**What is being asked**: Pictures aside, each record should be reproduced exactly.

(Data items)
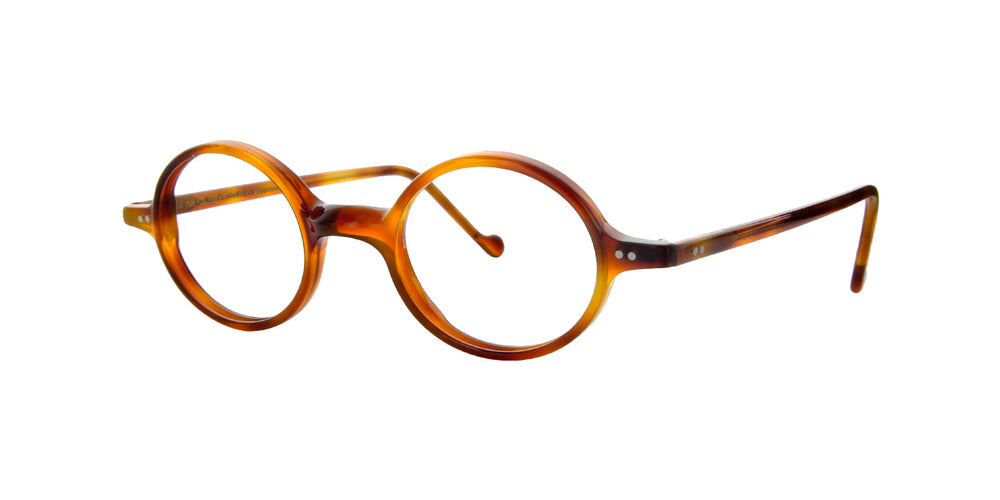 Lafont Orsay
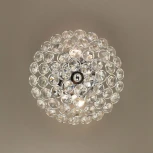 Бра Citilux Шарм CL316321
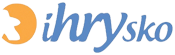 iHRYsko.sk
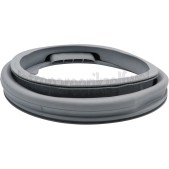 Foto van Manchet Manchet met ovale tuit WWDC9614S, WWDC9716 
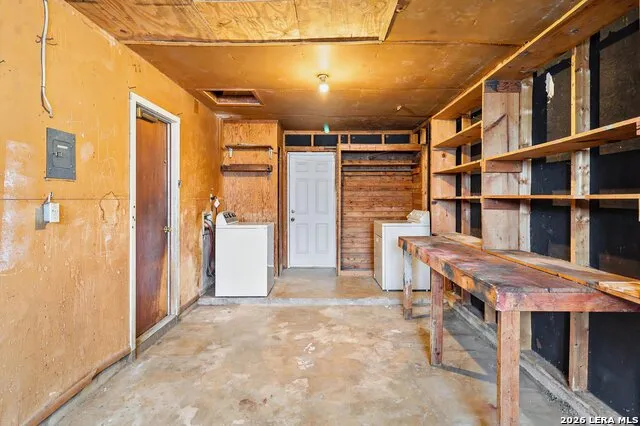 4030 Judivan San Antonio, TX 78218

**Task solution**:
 Lafont Orsay
 Бра Citilux Шарм CL316321
 iHRYsko.sk
 Foto van Manchet Manchet met ovale tuit WWDC9614S, WWDC9716 
 4030 Judivan San Antonio, TX 78218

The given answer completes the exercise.